I looked at the forum to find my answers and also the FAQ but with all the (different) information I am not sure how to handle this and need your help.
I have NPM running in my selfhosted environment for several service using docker containers. Within in my router/firewall I forward HTTP and HTTPS traffic to my proxy, so I can access webservices from the internet with an Letsencrypt certificate.
I have installed virtualmin on a separated virtual Ubuntu server and can create virtualservers. But I should I make that work using the proxy server? Should I use different ports on the virtualserver configuration for HTTP and HTTPS and point NPM tot that IP and port number?

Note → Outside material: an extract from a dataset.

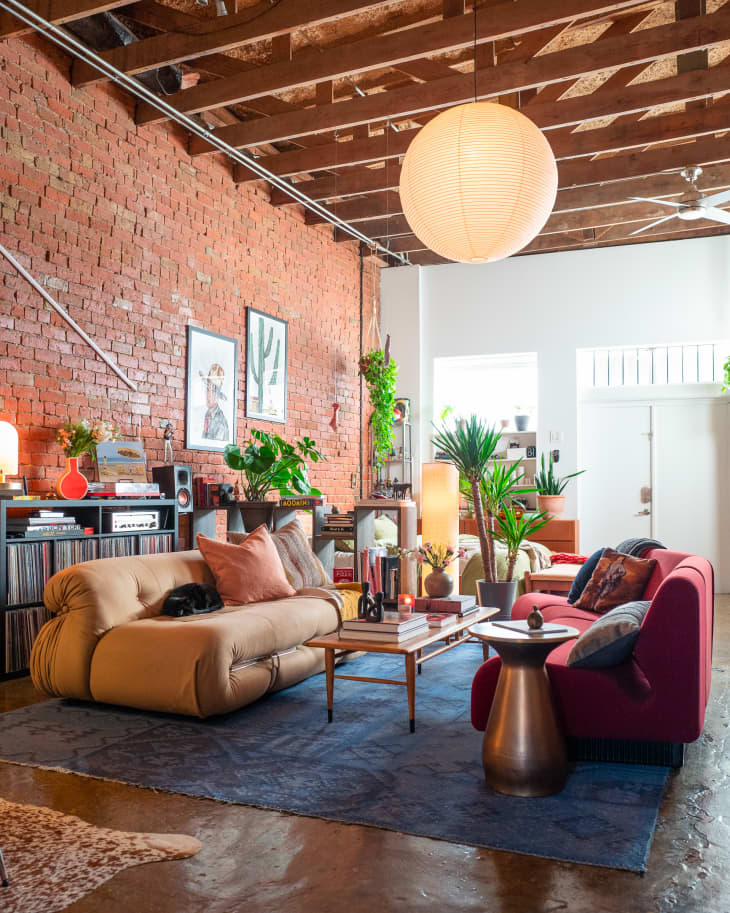 living room with high, exposed beam wood ceiling, white walls, lots of art (mostly paintings, some framed, some not) and gallery walls, large round hanging paper lantern, red and gold sofas facing each other on blue area rug, one exposed brick wall, work area in one corner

If this virtual machine isn’t going to serve any websites using a web server like Apache or Nginx, you can set Webmin to listen on port 443 and make it accessible like a regular “website”.

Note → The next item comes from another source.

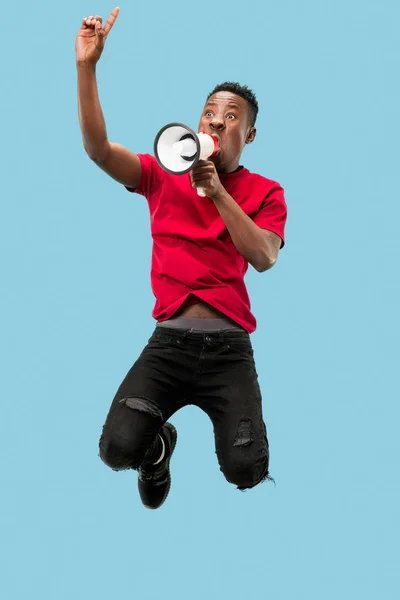 Ventilador de futebol a saltar sobre fundo azul. O jovem afro homem como fã de futebol com megafone — Fotografia de Stock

I am trying to understand. Should I point my reverse proxy to webmin on port 10000 for every web domain hosted on webmin? So for example, I have two web domains, website1.com and website2.com, should I put an entry in the reverse proxy server for every web domain pointing to the server IP on port 10000?
It’s really up to you! You could make those available for all records, or just set it up for one, like hostname:10000, for example. But, personally, I wouldn’t run Webmin behind a proxy — I’d keep it accessible independently on a dedicated IP. But again, it’s your choice!
No, you would proxy it to the IP of the Virtualmin server port 80 (since you’d have to terminate SSL on the NPM server).
I’m doing this myself at home and it works swell for some particular usecases.
ok, good information. So how did you make it work with wordpress application installed for example? because when I try to load https://mydomain.com/wordpress the request times out. I am also looking for a way to make it work so that when users type in the main domain wordpress is loaded.
You select the path or subdirectory during the install of WP from the install scripts.
Is it working on your local network? First make sure the Virtualmin server responds to requests, then proceed with hooking the proxy up infront.
I don’t have a vmin server on my network currently, but after adding the domain in vmin, add the same on NPM, requesting cert and so on, proxying to vmin-ip:80.
You need to disable any automatic redirect from 80->443 on vmin, otherwise you’ll get a loop.